This probably already exists
…and is why no text on the Internet after 2017-2018 can be trusted to be from a real person, rather than an LLM bot farm.
Method
- First we extract location and background info from users that we have training data for. It’ll help if you’re a nation state actor and have collected everyone’s details for two decades, but it may be possible to do it using public info too. Like identify Reddit users, Usenet posters, Twits etc by grossly invasive data mining. Obviously the org doing it would need to be in a location with awful data protection laws. Using data leaks might help too. But the idea is to create a knowledge graph of individuals with queryable demographic details, and collect their personal writings. We know that most large companies have this data in droves.
- Identify high level groups that represent these groups of people. Location, age, background, and so on, and extract their text
- Train an LLM so it predicts tokens from the given demographics and individuals.
- Train it the other way, so it can detect demographics from a corpus of text and source locations. This may need some kind of extraction technique first.
- Infer personality types from the data as well as demographics.
Uses
Target manipulation
Target specific individuals or broader demographics by fine-tuning using email history and other information, and test their responses to different angles.
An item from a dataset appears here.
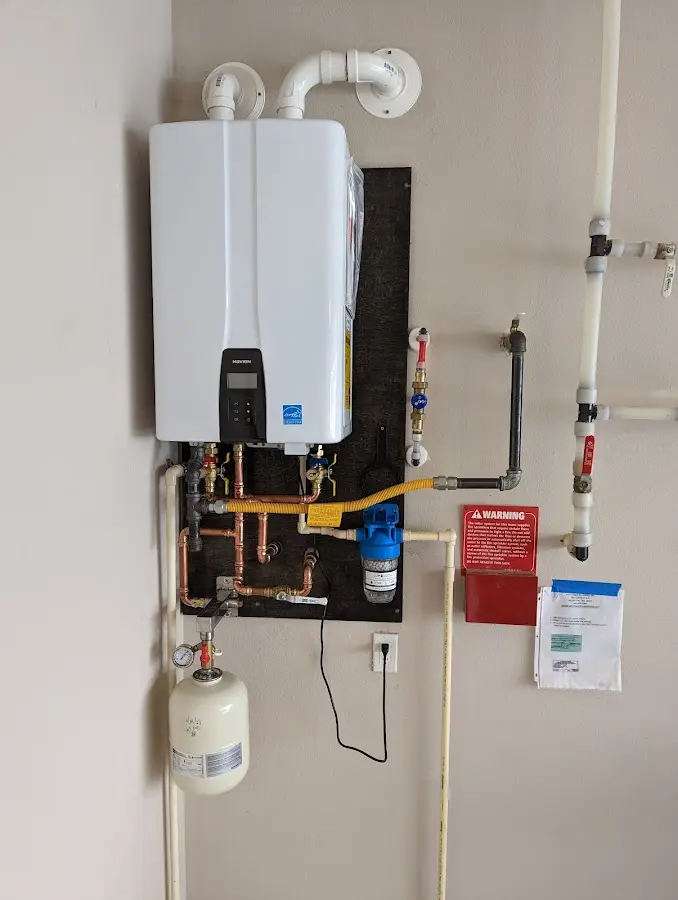 Professional plumber installing copper piping in a North Strabane home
Use the model to actually get an idea of how they might feel about a topic, how they’re best manipulated, where their vulnerabilities are and so on.
Chat with the model, train it on responses.
Use cases here:
- Political campaignig
- Individual marketing
- Incitement by agent provocateurs
- Astroturf testing
- Causing outrage / unrest in specific populations for political ends
- Targeting specific people in groups with high levels of influence
- Politicians
- Celebrities
- CEOs
- The press
Target reconnaissance
Use it to figure out the chance that a person belongs to specific demographic groups, or go meta on this and use it to find the best questions to ask that cause the target to reveal the most amount of information about themselves.
This can then be used as a way to find hunted people in a list of candidates, so is likely very useful for military intelligence. Extracting info from targets could be used to get blackmailable information from large numbers of people across an economy, like presumably how porn sites are used by Western powers.
Troll farms
Pick tons of people in the distributions you want to emulate, generate back stories and use bots to post online using their specific point of view. We should be able to write a complaint from the point of view of a 32 year old nurse who is a single mother, born in Manchester, with one brother etc etc.
Repeat this a million times, you’ve got an army of different personalities that can be used to push any agenda.
Bot and owner detection
Actual people are likely out-of-distribution and far less predictable than text generated by a language model. Text created by a langauge model will be in the distribution of its data sets.
Those who have the largest data sources and know what data sources other people should be able to detect variance from known data collections, and not only figure out the difference between a bot and real person, but also who is running the bots.
Corporate sabotage
Knowing how you can manipulate decision makers, it ought to be possible to not only make them buy products that aren’t the best choice for them, but to trick them into making decisions that trap them and cause problems.
This could be as simple as using multiple users to ask for a product that’s too expensive to make or maintain, be missold products or services that aren’t right for them, overstretch themselves, change direction at the wrong moment / false pivots.
By investing a bit in minimal services from a company, false demographics could be created, then rug pulled later.
Uses:
- economic espionage and sabotage
- hurting your competition (fire and motion, but the motion is the wrong way)
- hedge funds who have shorted a company and then want to collapse it for financial gain.
- Tricking companies into creating services that need to exist before some other play can be made, at their expense.
Sybil and asymmetric warfare attacks
Contain, control and influence people, or waste their resources by surrounding them with false personas that exist to take interaction time from real people.
Impersonation and fraud
Personalized attacks by impersonating the writing style and backrgound context of their real contacts.